• Instructions for the task
Reproduce the entries that follow exactly, dropping each image.

(Beginning of Available data)

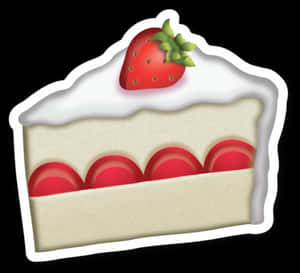 Strawberry_ Cake_ Emoji PNG image with transparent background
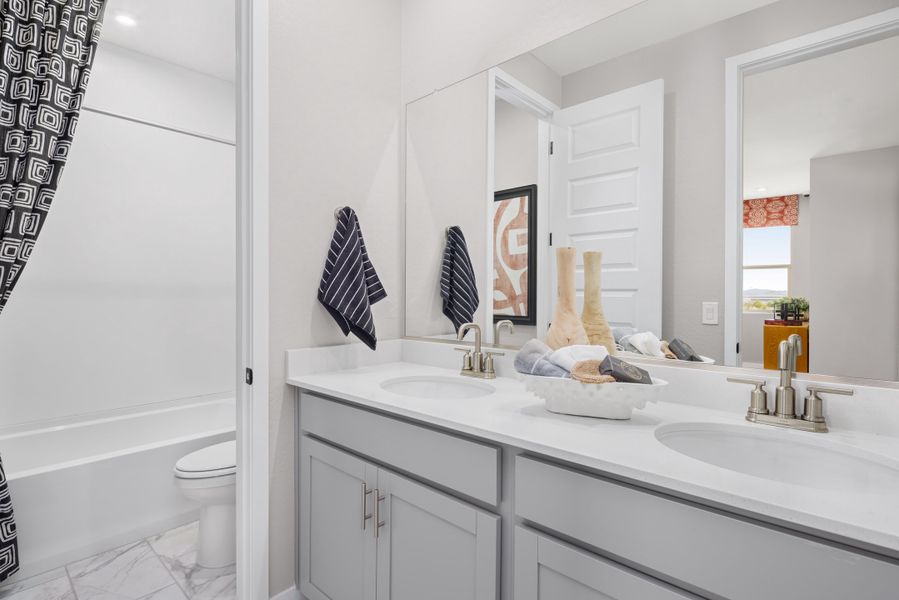 Representative furnished interior of a home built from the Saguaro by Beazer Homes in Montana Vista: Summit, Buckeye (Image 20). Representative furnished interior of a home built from the Saguaro by Beazer Homes in Montana Vista: Summit, Buckeye (Image 20).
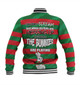 South Sydney Rabbitohs Father's Day Baseball Jacket - Screaming Dad and Crazy Fan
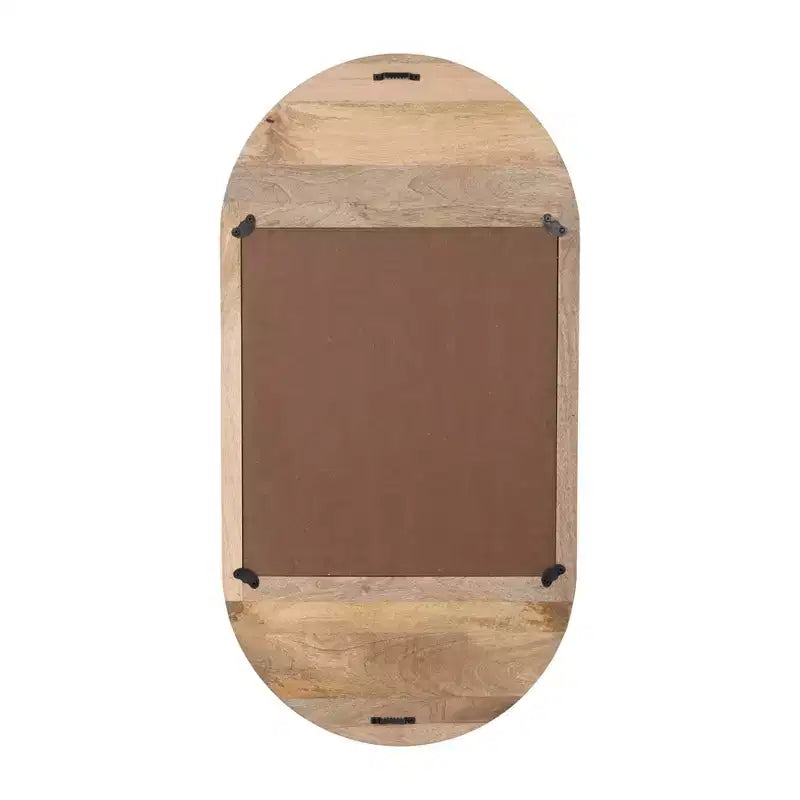 Specchio da parete in legno boho - Cornice marrone artigianale - Accento decorativo rustico per la casa, l'ufficio, la camera da letto e il soggiorno - 1 marrone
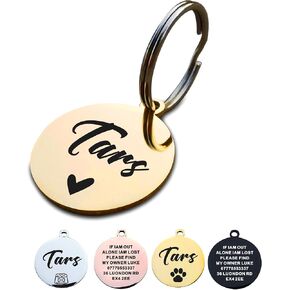 Dog Tags Personalized Dog Tag for Pets Dog Tag ID Tags for Dog Double-Sided Engraved Stainless Steel Dog Tag ID Name Tag for Cat Puppy Pet Collar Dog Name Tags(Rose Gold, Bone,L)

(End of Available data)

• Exercise response
 Strawberry_ Cake_ Emoji PNG image with transparent background
 Representative furnished interior of a home built from the Saguaro by Beazer Homes in Montana Vista: Summit, Buckeye (Image 20). Representative furnished interior of a home built from the Saguaro by Beazer Homes in Montana Vista: Summit, Buckeye (Image 20).
 South Sydney Rabbitohs Father's Day Baseball Jacket - Screaming Dad and Crazy Fan
 Specchio da parete in legno boho - Cornice marrone artigianale - Accento decorativo rustico per la casa, l'ufficio, la camera da letto e il soggiorno - 1 marrone
 Dog Tags Personalized Dog Tag for Pets Dog Tag ID Tags for Dog Double-Sided Engraved Stainless Steel Dog Tag ID Name Tag for Cat Puppy Pet Collar Dog Name Tags(Rose Gold, Bone,L)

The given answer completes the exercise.